Kury et al. (2017) reported 4 unrelated boys, ranging in age from 8 to 14 years, with a neurodevelopmental disorder. The patients had developmental delay with intellectual disability and abnormal behavior, including autism. Two patients had motor delay and 3 had speech delay. Other features were more variable, and included hypotonia, deafness, feeding difficulties, and thumb agenesis or hypoplasia. Three patients had variable cardiac abnormalities, including septal defects and patent ductus arteriosus, 2 had renal anomalies, such as fusion kidneys and duplicated ureters, and all had some kind of genital anomaly, such as hypospadias, micropenis, and cryptorchidism. Three patients were noted to have dysmorphic craniofacial features, 3 had low-set ears, 1 had retrognathia, and another had asymmetric facies with hypertelorism and large nose. One had eye tracking problems, another had cortical visual impairment with abnormal optic nerve heads, and a third had strabismus and horizontal nystagmus.

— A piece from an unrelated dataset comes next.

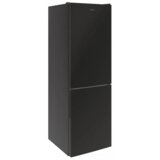 Candy kombinovani frižider CCE4T618EB crni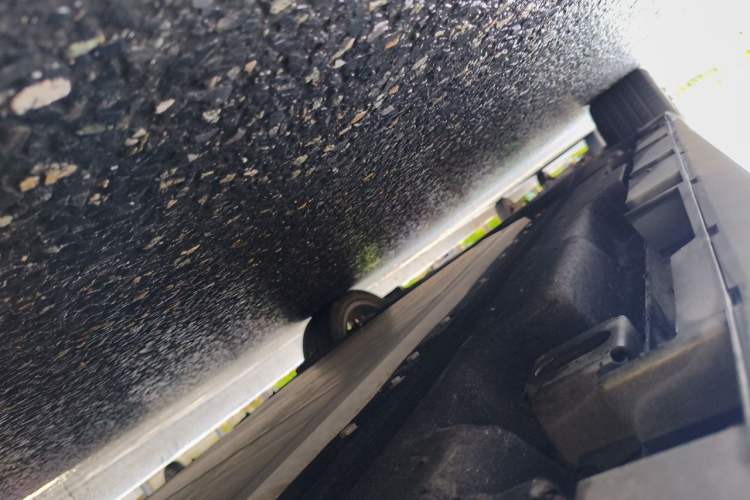 Used AION S Plus 2022 80 Tech Edition Chassis Rear Left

Brain imaging in 1 patient showed a pineal cyst.

Cytogenetics

Kury et al. (2017) reported 6 unrelated children with a neurodevelopmental disorder associated with de novo heterozygous deletions of chromosome 17q24. The breakpoints of the deletions were different in each case, and the size of the deletions ranged from 0.62 to 4 Mb. All patients had delayed development with intellectual disability, and most also had delayed motor development and hypotonia with speech delay. One patient had seizures and another had deafness. Other features were highly variable, but included congenital cardiac (2 patients) and renal (4 patients) defects. Three had feeding difficulties. One boy had hypospadias and 1 girl had precocious puberty. All had dysmorphic craniofacial features, such as micro/retrognathia, hypertelorism, strabismus, low-set ears, short or long philtrum, high or prominent forehead, thin upper lip, and downturned corners of the mouth. Three patients had 2-3 toe syndactyly. Brain imaging was performed in 4 patients: 3 had normal imaging and 1 had cerebral atrophy with periventricular hypomyelination and a pineal cyst.

Molecular Genetics

In 4 unrelated patients with Stankiewicz-Isidor syndrome, Kury et al. (2017) identified de novo heterozygous truncating or splice site mutations in the PSMD12 gene (604450.0001-604450.0004). The mutations in 3 patients were found by trio-based whole-exome sequencing and confirmed by Sanger sequencing; the mutation in the fourth patient was found by exome sequencing. Studies of 1 patient's cells showed decreased amounts of full-length PSMD12, consistent with haploinsufficiency. Cells transfected with the mutation (604450.0001) showed presence of the mutant transcript, but absence of the predicted truncated protein, suggesting translation inefficiency or increased degradation of the mutant protein. Transfected cells also showed abnormal accumulation of high-molecular-weight ubiquitin-modified proteins, although proteasome catalytic activity was not impaired. The findings supported the biologic importance of PSMD12 as a scaffolding subunit in proteasome function during development, with a particular role in neurogenesis.

Animal Model

Kury et al. (2017) found that CRISPR/Cas9-mediated disruption of the psmd12 ortholog in zebrafish embryos resulted in smaller optic tecta, suggestive of microcephaly, renal tubule defects, and craniofacial abnormalities.